Sorrow's skill at "reading" situations and people--do we want to go into that?

*It's worth noting her the way this language mirrors Sethe's when she is trying to explain to her slain daughter the extent of her devotion. Sorrow, we later find out from Florens, is planning to run away now that Rebekka is planning to sell them.

Chapter 9: This section, again narrated by Florens, directly engages with the issue of "reading" that she introduces in the first chapter when she asks, "One question is who is responsible? Another is can you read?" (3). In particular,  it explores how a reader "reads into" something by letting her emotions, needs, traumas, desires and history color how you interpret and respond to a given event, interaction, statement or relationship. Nowhere is this phenomenon more apparent than in her "reading" of the Malaik situation.  Malaik, "a foundling," is introduced when the blacksmith is explaining to Florens why she must stay behind in his home while he returns to the Vaark farm:
I cannot join you because it is faster without me. And there is another reason, you say. You turn your head. My eyes follow where you look.
This happens twice before. The first time it is me peering around my mother's dress hoping for her hand that is only for her little boy. The second time it is a pointing screaming little girl hiding behind her mother and clinging to her skirts. Now I am seeing a little boy come in holding a corn husk doll... You reach out your forefinger toward him and he takes hold of it. You say this is why I cannot travel with you...
I worry as the boy steps closer to you. How you offer and he owns your forefinger. As if he is your future. Not me (160).
The blacksmith's home was to be a place of refuge. In his space, she imagines, she would never be "the one to throw out," and would never again have to deal with the indignities she feels were consequent to that initial rejection:
No one steals my warmth. No one steals my warmth and shoes because I am small. No one handles my backside. No one whinnies like sheep or goat because I drop in fear and weakness. No one screams at the sight of me. No one watches my body for how it is unseemly. With you my body is pleasure is safe is belonging. I can never not have you have me (161).
But she reads Malaik as the favored child, the one who has power over him, just as she believed her little brother had some sort of power over her mother, or the little girl over the Puritan inquisitors. What follows in the blacksmith's absence could be read as a crisis of reading and misreading. Interpreting Malaik through the lens of her previous rejections, she understands that he "wants my leaving" (162).  She revises her original reading of "the dog's profile rising from Widow Ealing's kettle" because back then she "cannot read its full meaning," though now she knows how and can begin to read other signs as a means of protecting herself from another expulsion (163). When Malaik steals her boots, the newest incarnation of the shoes that have both shielded her vulnerability and shielded others from her forgotten wildness, he confirms her suspicion that he has magical powers of some sort. Believing that his power lies in his doll, she takes it from him and places it one a shelf out of his reach. This is the action that precipitates the novel's tragic denoument.

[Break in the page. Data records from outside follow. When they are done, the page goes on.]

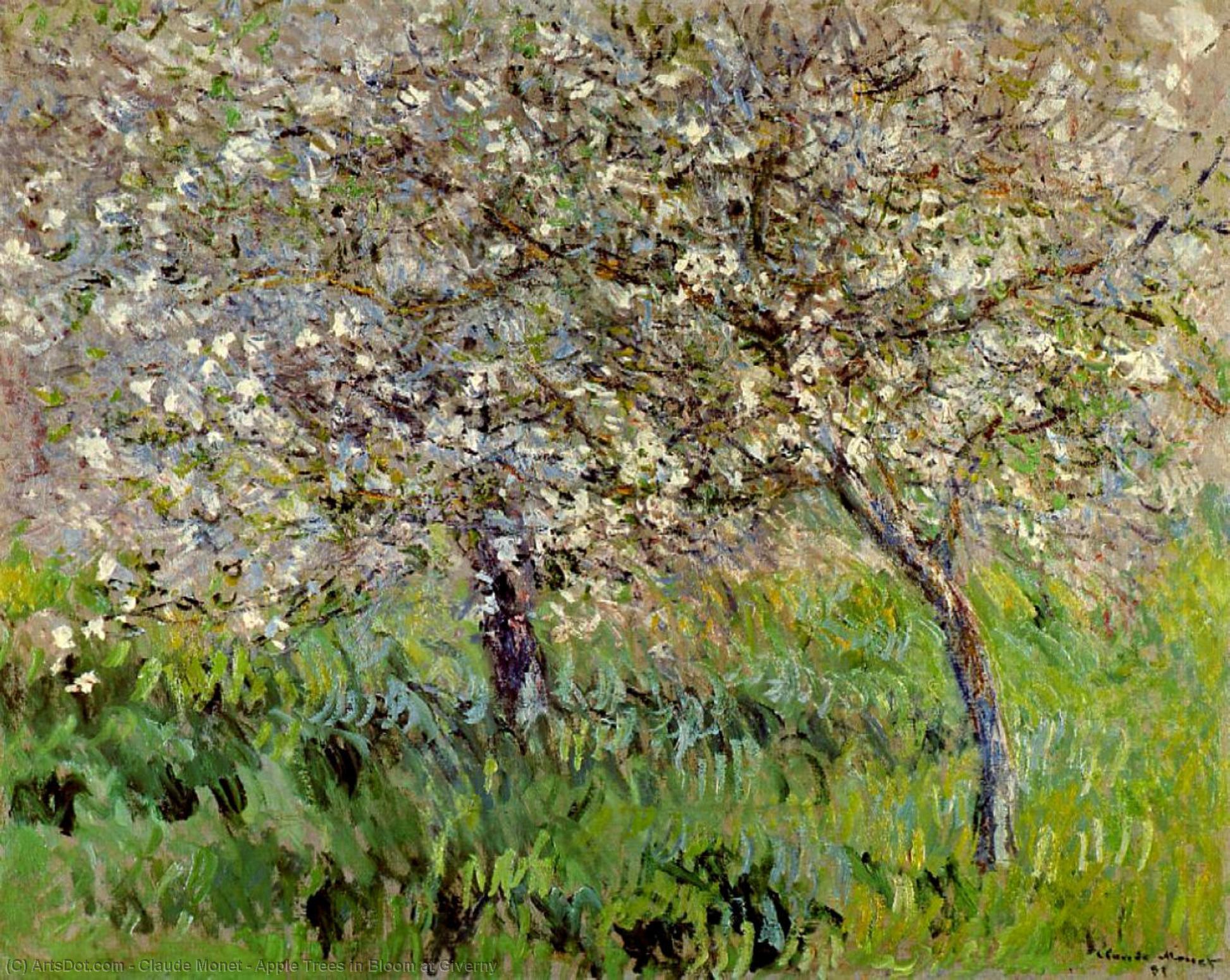 WikiOO.org - 百科事典 - 絵画、アートワーク Claude Monet - リンゴの木 インチ  ブルーム  で  ジヴェルニー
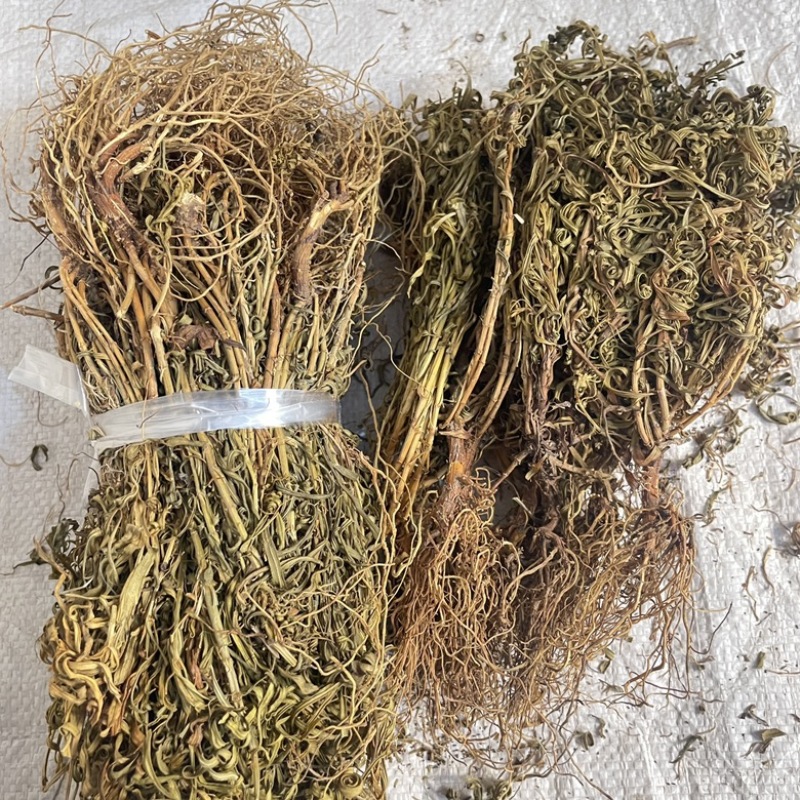 水黄连水灵芝草货源充足保真保量
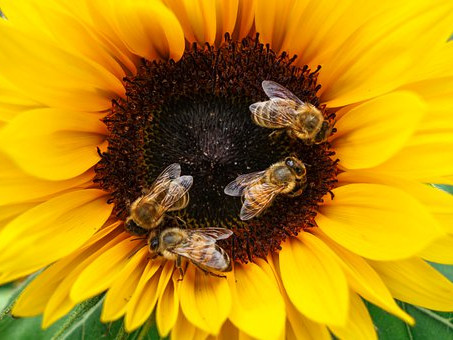 Технология с полени ще пази пчелите от инсектициди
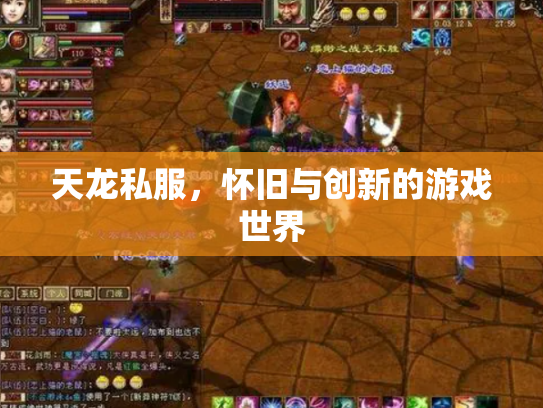 天龙私服，怀旧与创新的游戏世界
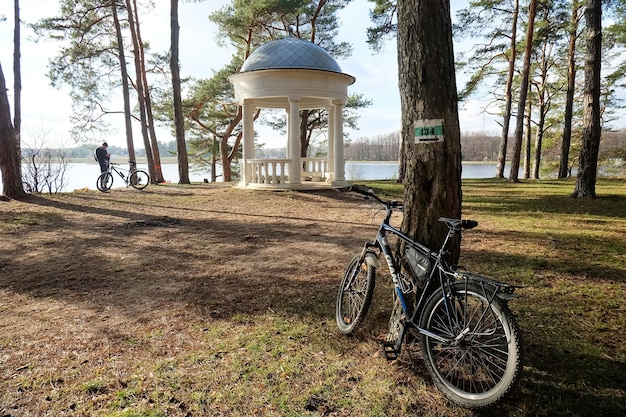 Rotonda en el bosque en la orilla del lago bicicleta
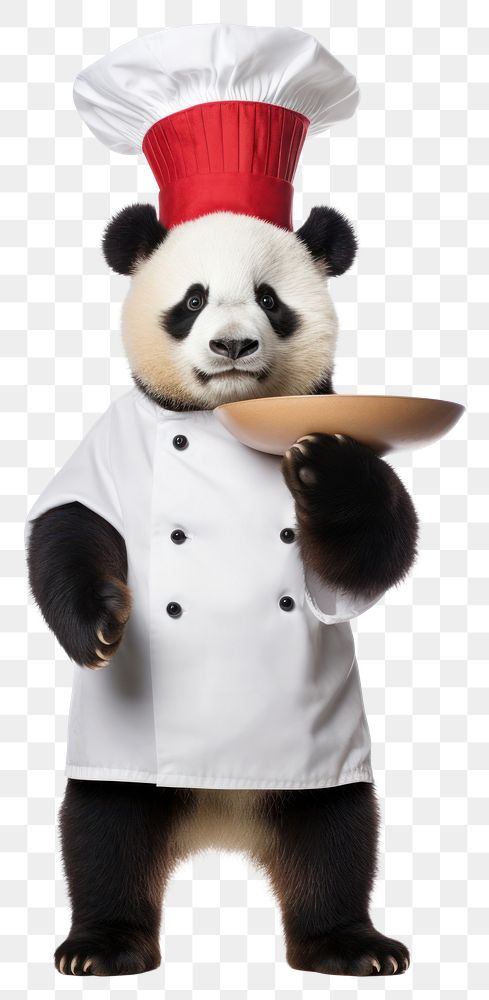 PNG  Panda animal chef bear.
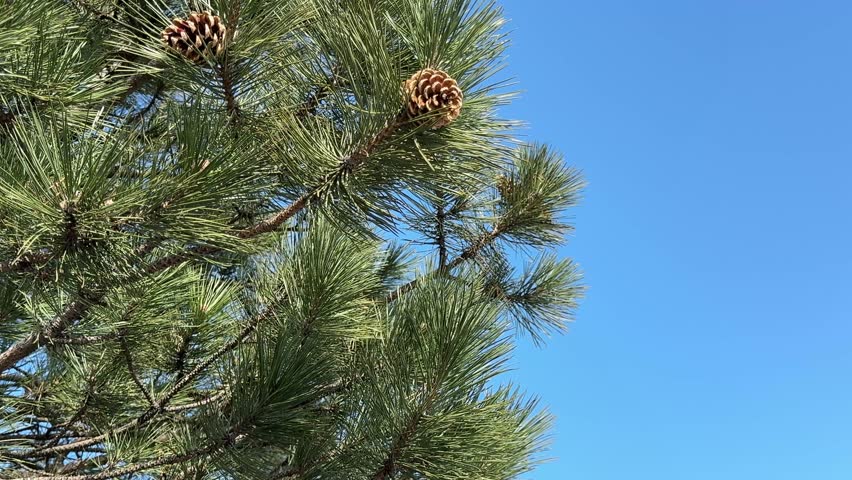 Pine cones on a pine tree against blue sky.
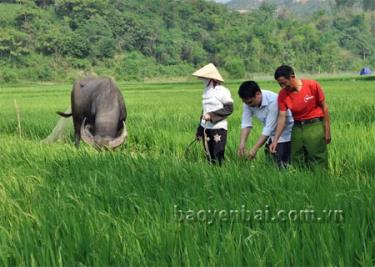 Cán bộ Phòng Nông nghiệp -Phát triển nông thôn huyện kiểm tra quá trình sinh trưởng của lúa.
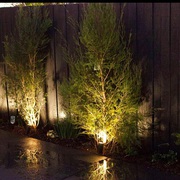 Searching for garden lighting installation in Melbourne?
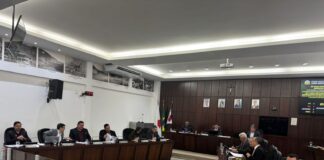 Câmara aprova projetos de lei voltados à saúde, acolhimento e proteção à infância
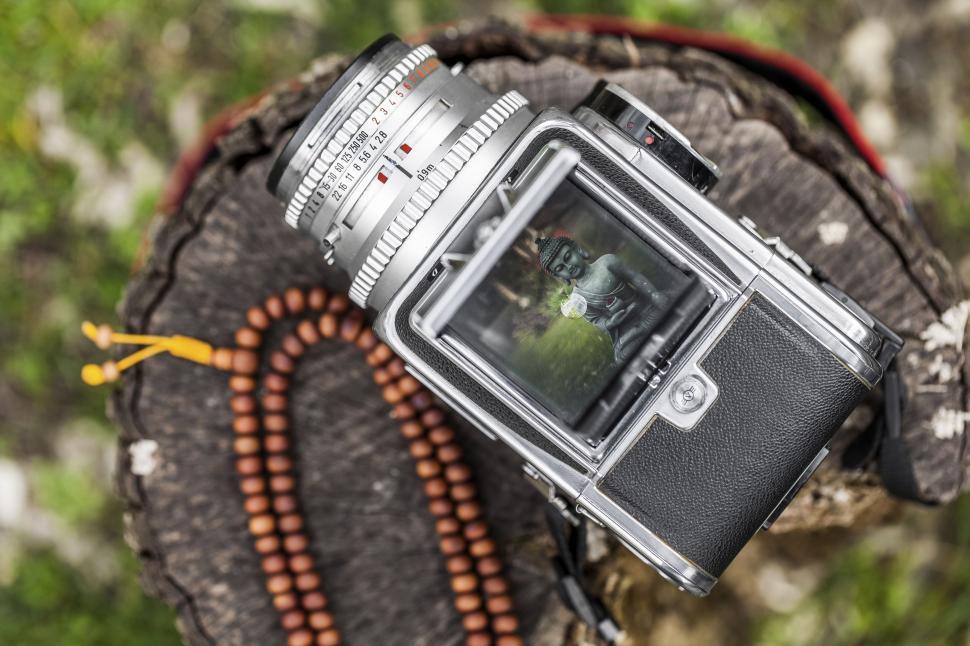 Free Image of Camera on Tree Stump 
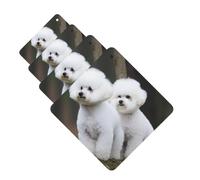 4Pcs Car Air Fresheners Cards Bichon Frise Hanging Fragrance Scented Cards Lasting Scent Car Aromatherapy Tablets Auto Rearview Mirror Pendant for Wardrobe Shoe Cabinet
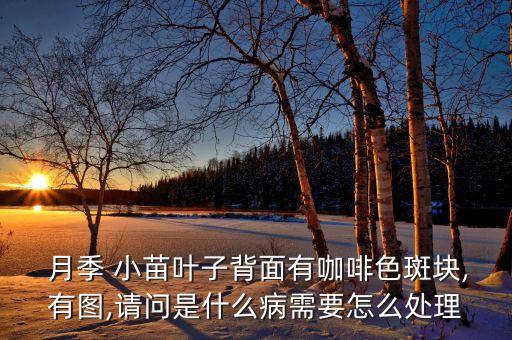  月季 小苗葉子背面有咖啡色斑塊,有圖,請(qǐng)問是什么病需要怎么處理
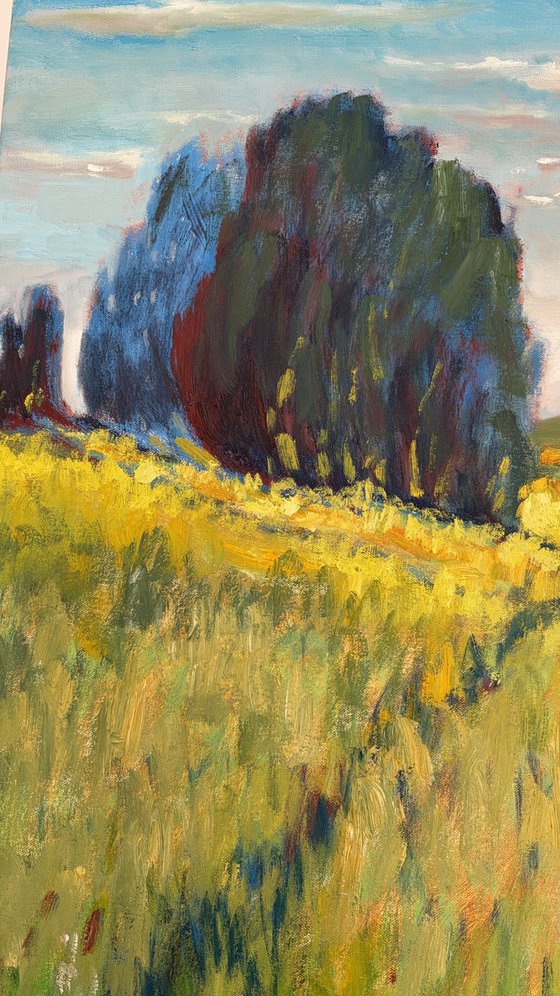 Over the field
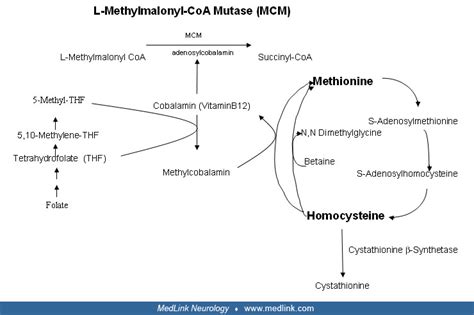 Methylmalonic acidemia | MedLink Neurology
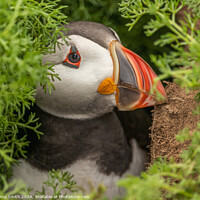 Buy canvas prints of Nesting Puffin on Skomer Island by Donna Smith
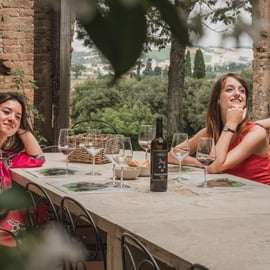 Montalcino: Prohlídka hradu a vinic s degustací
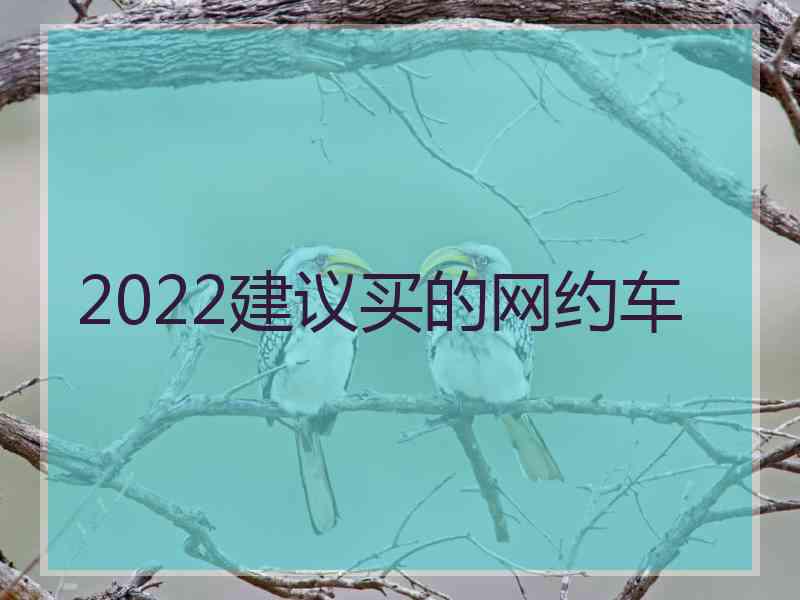 2022建议买的网约车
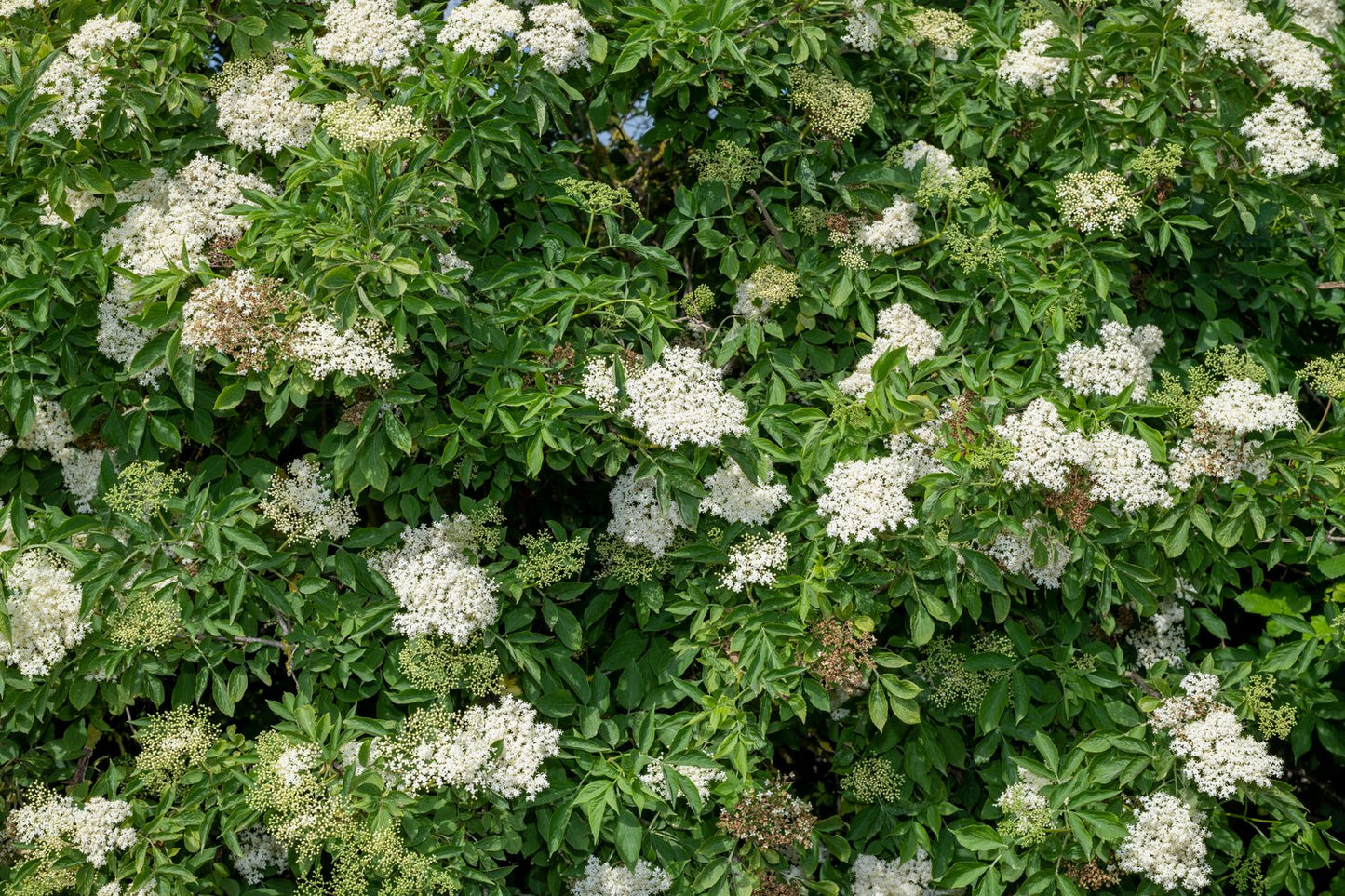 Sambucus nigra, co, 10-p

Once the doll has been stripped away, Malaik throws a fit. Florens runs outside until he stops crying, but upon returning, she finds that
The doll is not on the shelf. It is abandon in a corner like a precious child no person wants. Or no. Maybe the doll is sitting there hiding. Hiding from me. Which? Which is the true reading? Porridge drips from the table. The stool is on its side. Seeing me the boy returns to screaming and that is when I clutch him. I am trying to stop him not hurt him (164).
But hurt him she does--while Malaik's injuries are not made explicit, it appears as if she's dislocated his shoulder. When he faints from the pain makes him faint, he hits his mouth on the corner of the table as he falls. When the blacksmith walks in, he sees Malaik limp on the ground with his arm at an impossible angle, and reads the scene for himself. But which is the true reading? From the scattered evidence we can gather, Florens treats the boy roughly because she has read him as powerful--whether she reads him as having caused the mess in the room with supernatural power, or whether she reads the upturned stool and spilled porridge as evidence of his climbing up on the stool to get the doll and falling, she knows his actions have the power to banish her. Given all the different ways the tableau could be read, Florens cannot understand why the blacksmith automatically reads her as the guilty party:
Why do you knock me away without certainty of what is true? You see the boy down and believe bad of me without question. You are correct but why no question of it? I am first to get the knocking away. The back of your hand strikes my face. I fall and curl up on the floor. Tight. No question. You choose the boy... I cower. I hold down the feathers lifting (165).
It is this power to enforce the shape of the world as one reads it that sets members of the dominant social groups apart from marginalized ones, and it is against this ability to place by naming, to shape by interpreting, that Florens finally rebels, being once too often "read" as an undesirable element to be expunged from a given environment. Florens had given herself completely to the blacksmith because she felt he valued her, was the first to "see" or "read" her as something to be cherished. But in the words exchanged in the scene of Florens's banishment, he reveals that he reads her as "a slave" whose "head is empty" and whose "body is wild," "nothing but wilderness," a formless thing (166). As one of the novel's shapers, the blacksmith reveals here that he, like sir, is a devotee of cultivation, as frightened (and contemptuous) of that which cannot be tamed as he is bored with that which he has shaped or tamed already. Because of his power to shape forms from formless things and to give new forms to ugly things, Florens thought that she could find her form, her identity, through him. His rejection initially triggers "the dying inside" (167), the internal "withering [that was] born in the Widow's closet" (187). But then something else happens. The toothy thing with feathers within her unfolds. Undefeated, she reaches for the shaper's tools. She destroys the shapes the shaper made. She partially, perhaps completely, destroys the shaper.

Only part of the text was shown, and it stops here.